The radial passageways 26 are shown in FIGS. 2, 3 and 4 and extend
all the way from the root 24 to the tip or outer radial extremity
of each blade. The lower sides of the blades 18 as viewed in FIG. 2
are referred to as the high-pressure sides 29 and are those sides
against which hot gases under pressure are directed in order to
cause the rotor to turn in the direction of arrow 30 shown in FIG.
1. The other side 32 of each blade also extends between the leading
and trailing edges 20 and 22 and is referred to as the low-pressure
side. Hot gases, in passing through the blades, generally follow
the path of arrows 34. The point of highest pressure on the blades
is at the high-pressure side 29 adjacent the leading edge 20. As
the gas travels from the leading to the trailing edge of the blade,
it expands and its pressure reduces. Consequently, the point of
lowest pressure is at the low-pressure side 32 near the throat area
B.
In accordance with the present invention, the tip of each blade 18
is provided with a walled cavity, generally indicated by the
reference numeral 36 in FIGS. 2-4, which is formed by a wall 38
extending along the top of the high-pressure side 29 from the
trailing edge 22 to the leading edge 20 and thence along
approximately one-half the length of the low-pressure side 32 to
point A which is just downstream of the throat B between the
trailing edge 22 of one blade and the low-pressure side of the
following blade.

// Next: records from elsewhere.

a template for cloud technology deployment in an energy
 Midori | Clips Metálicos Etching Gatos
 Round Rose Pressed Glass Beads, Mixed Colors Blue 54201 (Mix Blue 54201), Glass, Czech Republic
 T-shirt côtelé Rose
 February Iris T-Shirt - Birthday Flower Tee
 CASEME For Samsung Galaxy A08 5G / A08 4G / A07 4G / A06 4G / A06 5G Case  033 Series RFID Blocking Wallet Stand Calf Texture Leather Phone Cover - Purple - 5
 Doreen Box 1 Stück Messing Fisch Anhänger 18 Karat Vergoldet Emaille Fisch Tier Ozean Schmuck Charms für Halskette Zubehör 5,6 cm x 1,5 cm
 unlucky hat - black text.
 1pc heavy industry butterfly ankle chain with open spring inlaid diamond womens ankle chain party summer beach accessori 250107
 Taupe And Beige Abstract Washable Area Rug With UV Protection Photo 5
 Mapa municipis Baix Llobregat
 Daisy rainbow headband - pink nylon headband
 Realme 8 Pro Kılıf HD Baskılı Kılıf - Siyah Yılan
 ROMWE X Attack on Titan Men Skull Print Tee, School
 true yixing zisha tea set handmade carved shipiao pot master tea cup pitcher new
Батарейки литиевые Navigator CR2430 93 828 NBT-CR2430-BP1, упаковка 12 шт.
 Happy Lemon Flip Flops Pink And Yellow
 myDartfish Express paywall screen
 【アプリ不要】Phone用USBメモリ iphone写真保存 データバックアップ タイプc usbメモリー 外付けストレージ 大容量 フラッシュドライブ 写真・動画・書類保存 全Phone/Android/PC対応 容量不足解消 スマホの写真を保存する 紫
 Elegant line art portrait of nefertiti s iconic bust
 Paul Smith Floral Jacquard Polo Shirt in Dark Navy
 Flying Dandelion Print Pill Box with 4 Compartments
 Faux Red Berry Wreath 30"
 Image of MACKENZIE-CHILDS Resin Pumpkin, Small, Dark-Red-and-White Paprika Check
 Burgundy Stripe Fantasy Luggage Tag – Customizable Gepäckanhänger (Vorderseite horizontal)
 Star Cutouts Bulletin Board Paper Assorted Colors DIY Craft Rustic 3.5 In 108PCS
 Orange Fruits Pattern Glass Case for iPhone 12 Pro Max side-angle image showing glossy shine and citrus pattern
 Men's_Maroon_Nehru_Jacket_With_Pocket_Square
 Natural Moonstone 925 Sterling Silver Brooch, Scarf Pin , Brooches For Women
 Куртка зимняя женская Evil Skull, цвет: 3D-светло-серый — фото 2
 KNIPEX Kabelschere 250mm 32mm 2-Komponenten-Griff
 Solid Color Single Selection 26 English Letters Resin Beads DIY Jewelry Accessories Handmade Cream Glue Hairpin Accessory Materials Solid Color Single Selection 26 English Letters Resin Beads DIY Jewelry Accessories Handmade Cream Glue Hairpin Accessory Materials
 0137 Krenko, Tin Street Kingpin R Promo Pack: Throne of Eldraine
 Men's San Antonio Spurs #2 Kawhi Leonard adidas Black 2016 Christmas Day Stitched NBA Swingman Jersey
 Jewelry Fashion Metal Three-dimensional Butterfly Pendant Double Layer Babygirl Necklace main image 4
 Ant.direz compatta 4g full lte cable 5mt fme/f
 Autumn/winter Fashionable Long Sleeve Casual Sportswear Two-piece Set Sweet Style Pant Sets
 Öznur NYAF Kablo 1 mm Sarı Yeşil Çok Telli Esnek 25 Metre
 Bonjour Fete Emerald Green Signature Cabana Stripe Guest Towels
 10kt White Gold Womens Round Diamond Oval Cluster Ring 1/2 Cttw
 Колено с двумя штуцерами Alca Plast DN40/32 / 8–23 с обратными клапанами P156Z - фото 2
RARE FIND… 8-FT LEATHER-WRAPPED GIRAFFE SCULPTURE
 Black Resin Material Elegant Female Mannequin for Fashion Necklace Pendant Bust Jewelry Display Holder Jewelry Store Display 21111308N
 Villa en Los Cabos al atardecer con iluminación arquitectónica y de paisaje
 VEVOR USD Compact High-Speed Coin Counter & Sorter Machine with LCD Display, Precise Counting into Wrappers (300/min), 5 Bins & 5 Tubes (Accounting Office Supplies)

The radial passageways 26 terminate at the bottom
37 of the cavity 36, as perhaps best shown in FIG. 3. In this
manner, the gas discharges into an area within the cavity 36 of
relatively constant pressure, meaning that the pressure which gases
issuing from the passageways 26 at the leading edge 20 experience
is approximately the same as that experienced by the gas leaving
the passageways 26 adjacent the trailing edge 22. The depth of the
cavity 36 is adjusted to provide an area at C which is
substantially greater than the combined area of the cross sections
of the cooling passages 26 upstream of point A. This permits the
discharge pressure for the upstream holes to approach the pressure
at point A, approximately the lowest pressure on the blade
surface.
The present invention thus provides a means for attaining a uniform
flow of cooling fluid through radial passages in a turbine blade
from its leading to its trailing edge, independent of operating tip
clearances between the blade tip and the stationary turbine walls.
At the same time, the cooling air enters the main stream through
the turbine in more nearly the correct direction for mixing with
the main gas stream, thereby reducing mixing losses. Although the
invention has been shown in connection with a certain specific
embodiment, it will be readily apparent to those skilled in the art
that various changes in form and arrangement of parts may be made
to suit requirements without departing from the spirit and scope of
the invention.
* * * * *